EXERCISE GOAL
Beginning with the line of the entries below that holds "Debris of ukrainian" and ending with the line that holds "Jacquotha Green Striped", transcribe each line exactly as written. Pictures stay out.

··· AVAILABLE DATA ···

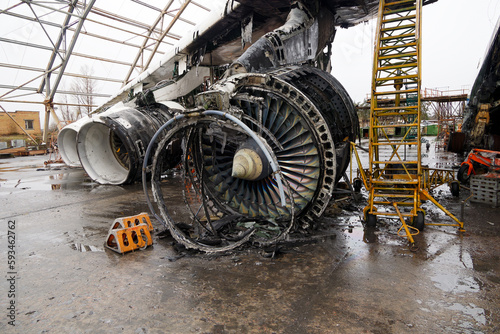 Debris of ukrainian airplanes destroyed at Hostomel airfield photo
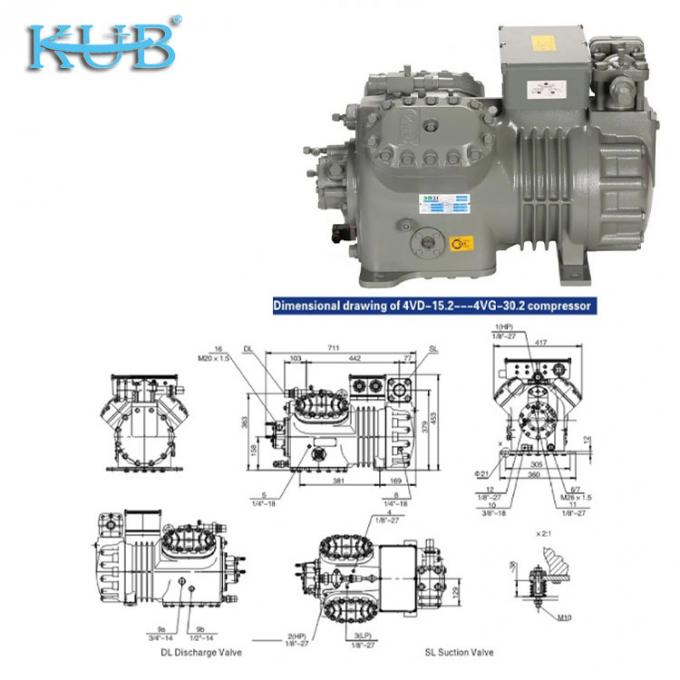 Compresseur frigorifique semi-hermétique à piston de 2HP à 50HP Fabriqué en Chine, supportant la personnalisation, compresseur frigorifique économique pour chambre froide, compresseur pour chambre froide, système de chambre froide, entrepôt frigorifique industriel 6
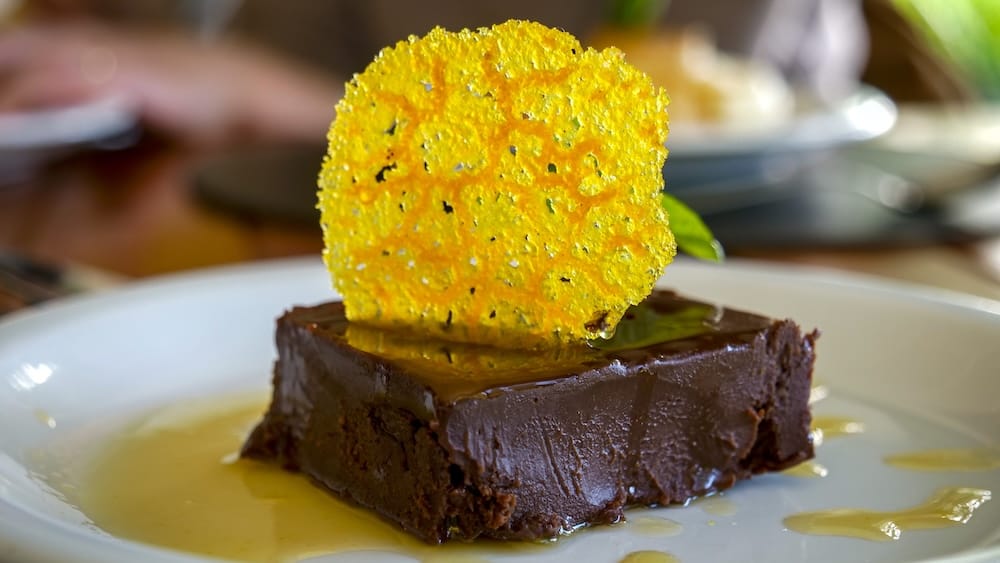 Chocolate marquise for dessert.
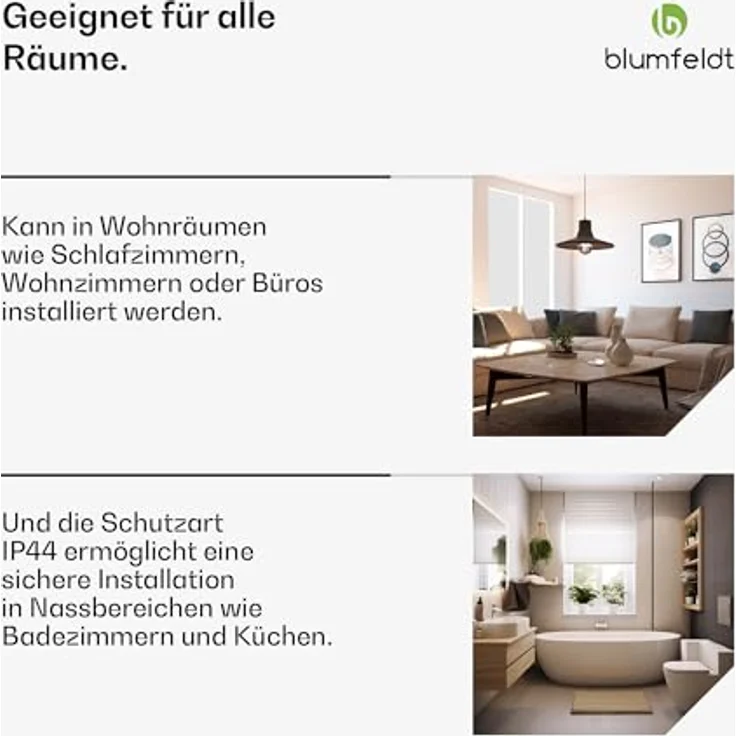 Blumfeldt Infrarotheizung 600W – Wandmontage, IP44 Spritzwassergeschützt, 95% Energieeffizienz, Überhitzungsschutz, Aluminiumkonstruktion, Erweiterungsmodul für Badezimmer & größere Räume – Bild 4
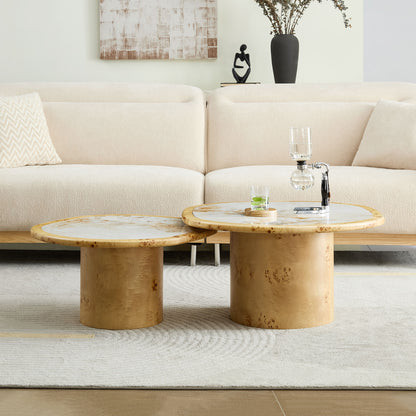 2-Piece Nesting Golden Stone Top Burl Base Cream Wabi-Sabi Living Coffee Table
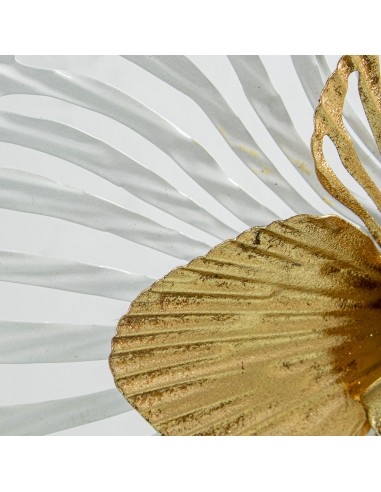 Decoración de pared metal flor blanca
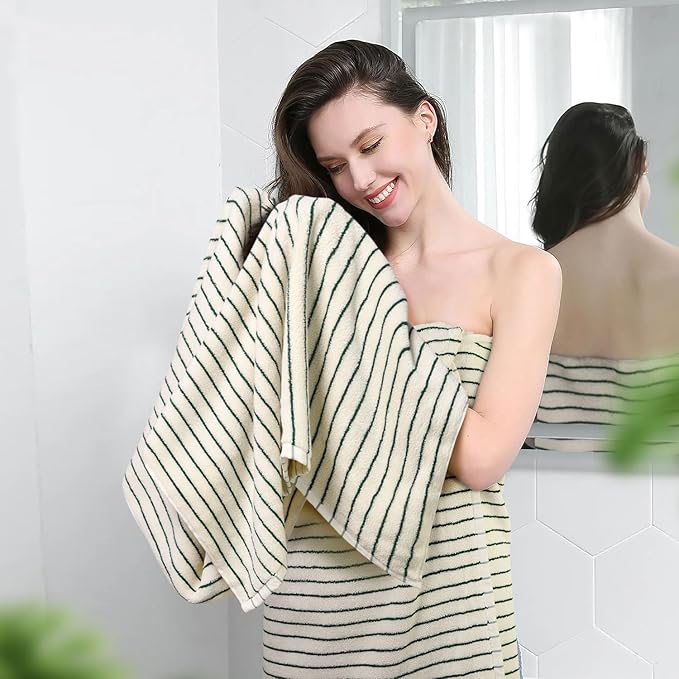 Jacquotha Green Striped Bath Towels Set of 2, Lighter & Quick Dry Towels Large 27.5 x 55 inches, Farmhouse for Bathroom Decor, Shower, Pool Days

···
··· AVAILABLE DATA ···

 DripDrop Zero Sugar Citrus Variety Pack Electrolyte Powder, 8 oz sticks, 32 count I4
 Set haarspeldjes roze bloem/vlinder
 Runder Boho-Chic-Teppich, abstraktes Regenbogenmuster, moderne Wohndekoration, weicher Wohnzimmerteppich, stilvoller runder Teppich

···
··· AVAILABLE DATA ···

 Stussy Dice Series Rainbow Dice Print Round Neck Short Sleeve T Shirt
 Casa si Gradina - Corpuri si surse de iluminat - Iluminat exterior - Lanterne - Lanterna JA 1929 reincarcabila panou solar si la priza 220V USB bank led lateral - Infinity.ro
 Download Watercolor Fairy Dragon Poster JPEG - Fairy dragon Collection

···

RESULT OF THIS EXERCISE
 Debris of ukrainian airplanes destroyed at Hostomel airfield photo
 Compresseur frigorifique semi-hermétique à piston de 2HP à 50HP Fabriqué en Chine, supportant la personnalisation, compresseur frigorifique économique pour chambre froide, compresseur pour chambre froide, système de chambre froide, entrepôt frigorifique industriel 6
 Chocolate marquise for dessert.
 Blumfeldt Infrarotheizung 600W – Wandmontage, IP44 Spritzwassergeschützt, 95% Energieeffizienz, Überhitzungsschutz, Aluminiumkonstruktion, Erweiterungsmodul für Badezimmer & größere Räume – Bild 4
 2-Piece Nesting Golden Stone Top Burl Base Cream Wabi-Sabi Living Coffee Table
 Decoración de pared metal flor blanca
 Jacquotha Green Striped Bath Towels Set of 2, Lighter & Quick Dry Towels Large 27.5 x 55 inches, Farmhouse for Bathroom Decor, Shower, Pool Days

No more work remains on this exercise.